### TASK INPUTS
╭──
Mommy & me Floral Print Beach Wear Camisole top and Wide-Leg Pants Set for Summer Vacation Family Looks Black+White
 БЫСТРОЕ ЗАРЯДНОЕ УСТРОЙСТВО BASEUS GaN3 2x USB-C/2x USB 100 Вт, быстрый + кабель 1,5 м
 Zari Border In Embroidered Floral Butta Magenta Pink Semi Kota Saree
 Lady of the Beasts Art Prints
╰──
╭──
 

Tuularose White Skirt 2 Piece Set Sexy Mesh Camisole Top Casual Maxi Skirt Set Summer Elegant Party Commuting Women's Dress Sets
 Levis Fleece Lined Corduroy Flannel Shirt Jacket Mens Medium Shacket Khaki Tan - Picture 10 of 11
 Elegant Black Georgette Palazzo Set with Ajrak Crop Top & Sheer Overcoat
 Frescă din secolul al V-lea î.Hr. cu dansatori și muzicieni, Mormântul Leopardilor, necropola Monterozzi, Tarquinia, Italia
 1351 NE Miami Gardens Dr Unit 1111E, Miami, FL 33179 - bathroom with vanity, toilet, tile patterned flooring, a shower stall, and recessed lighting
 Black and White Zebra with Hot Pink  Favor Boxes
╰──
### THE TASK
The result should be every line of the material that contains the word "Summer", so copy those lines.

### RESULT BELOW
Mommy & me Floral Print Beach Wear Camisole top and Wide-Leg Pants Set for Summer Vacation Family Looks Black+White
Tuularose White Skirt 2 Piece Set Sexy Mesh Camisole Top Casual Maxi Skirt Set Summer Elegant Party Commuting Women's Dress Sets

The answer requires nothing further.